Start of Working data
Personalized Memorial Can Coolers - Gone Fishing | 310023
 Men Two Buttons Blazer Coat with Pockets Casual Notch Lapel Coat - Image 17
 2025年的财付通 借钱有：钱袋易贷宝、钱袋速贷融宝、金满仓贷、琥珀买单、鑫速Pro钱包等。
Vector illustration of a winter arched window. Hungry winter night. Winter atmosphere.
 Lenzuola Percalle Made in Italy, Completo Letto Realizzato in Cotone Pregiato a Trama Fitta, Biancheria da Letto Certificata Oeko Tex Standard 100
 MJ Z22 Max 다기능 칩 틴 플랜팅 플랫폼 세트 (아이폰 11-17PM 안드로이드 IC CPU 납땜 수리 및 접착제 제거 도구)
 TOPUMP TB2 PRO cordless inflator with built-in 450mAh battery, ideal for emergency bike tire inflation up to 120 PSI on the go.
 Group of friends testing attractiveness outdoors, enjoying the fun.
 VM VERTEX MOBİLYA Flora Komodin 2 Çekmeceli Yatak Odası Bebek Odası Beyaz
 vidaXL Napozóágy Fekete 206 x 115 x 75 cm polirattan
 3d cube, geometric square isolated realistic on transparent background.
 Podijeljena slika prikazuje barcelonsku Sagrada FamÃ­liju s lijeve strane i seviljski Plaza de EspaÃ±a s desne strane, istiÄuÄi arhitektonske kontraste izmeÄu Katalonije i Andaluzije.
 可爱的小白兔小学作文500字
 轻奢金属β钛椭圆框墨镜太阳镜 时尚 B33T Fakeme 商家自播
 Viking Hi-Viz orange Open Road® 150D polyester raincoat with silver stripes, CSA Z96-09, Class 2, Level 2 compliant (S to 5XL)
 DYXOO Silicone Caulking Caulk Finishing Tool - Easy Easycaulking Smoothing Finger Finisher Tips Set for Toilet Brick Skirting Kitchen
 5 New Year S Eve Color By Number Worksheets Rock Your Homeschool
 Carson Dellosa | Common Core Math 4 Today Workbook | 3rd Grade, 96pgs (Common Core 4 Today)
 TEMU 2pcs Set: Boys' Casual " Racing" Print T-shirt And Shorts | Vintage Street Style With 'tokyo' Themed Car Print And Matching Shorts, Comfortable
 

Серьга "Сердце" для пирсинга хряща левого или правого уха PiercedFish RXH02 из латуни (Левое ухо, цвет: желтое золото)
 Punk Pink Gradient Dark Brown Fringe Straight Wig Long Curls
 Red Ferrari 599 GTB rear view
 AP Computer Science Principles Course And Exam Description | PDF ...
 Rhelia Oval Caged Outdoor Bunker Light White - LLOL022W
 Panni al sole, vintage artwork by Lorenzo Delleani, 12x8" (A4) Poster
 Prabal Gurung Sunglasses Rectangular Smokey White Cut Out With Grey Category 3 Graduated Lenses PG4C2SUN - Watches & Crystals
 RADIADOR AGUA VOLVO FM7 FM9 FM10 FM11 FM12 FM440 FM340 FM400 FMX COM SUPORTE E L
End of Working data
§ **Work required**
What you return must be an exact retyping of the lines above starting at the line with "MJ Z22 Max 다기능" and ending at the line with "AP Computer Science", and nothing besides.

§ **Final answer**
 MJ Z22 Max 다기능 칩 틴 플랜팅 플랫폼 세트 (아이폰 11-17PM 안드로이드 IC CPU 납땜 수리 및 접착제 제거 도구)
 TOPUMP TB2 PRO cordless inflator with built-in 450mAh battery, ideal for emergency bike tire inflation up to 120 PSI on the go.
 Group of friends testing attractiveness outdoors, enjoying the fun.
 VM VERTEX MOBİLYA Flora Komodin 2 Çekmeceli Yatak Odası Bebek Odası Beyaz
 vidaXL Napozóágy Fekete 206 x 115 x 75 cm polirattan
 3d cube, geometric square isolated realistic on transparent background.
 Podijeljena slika prikazuje barcelonsku Sagrada FamÃ­liju s lijeve strane i seviljski Plaza de EspaÃ±a s desne strane, istiÄuÄi arhitektonske kontraste izmeÄu Katalonije i Andaluzije.
 可爱的小白兔小学作文500字
 轻奢金属β钛椭圆框墨镜太阳镜 时尚 B33T Fakeme 商家自播
 Viking Hi-Viz orange Open Road® 150D polyester raincoat with silver stripes, CSA Z96-09, Class 2, Level 2 compliant (S to 5XL)
 DYXOO Silicone Caulking Caulk Finishing Tool - Easy Easycaulking Smoothing Finger Finisher Tips Set for Toilet Brick Skirting Kitchen
 5 New Year S Eve Color By Number Worksheets Rock Your Homeschool
 Carson Dellosa | Common Core Math 4 Today Workbook | 3rd Grade, 96pgs (Common Core 4 Today)
 TEMU 2pcs Set: Boys' Casual " Racing" Print T-shirt And Shorts | Vintage Street Style With 'tokyo' Themed Car Print And Matching Shorts, Comfortable
 

Серьга "Сердце" для пирсинга хряща левого или правого уха PiercedFish RXH02 из латуни (Левое ухо, цвет: желтое золото)
 Punk Pink Gradient Dark Brown Fringe Straight Wig Long Curls
 Red Ferrari 599 GTB rear view
 AP Computer Science Principles Course And Exam Description | PDF ...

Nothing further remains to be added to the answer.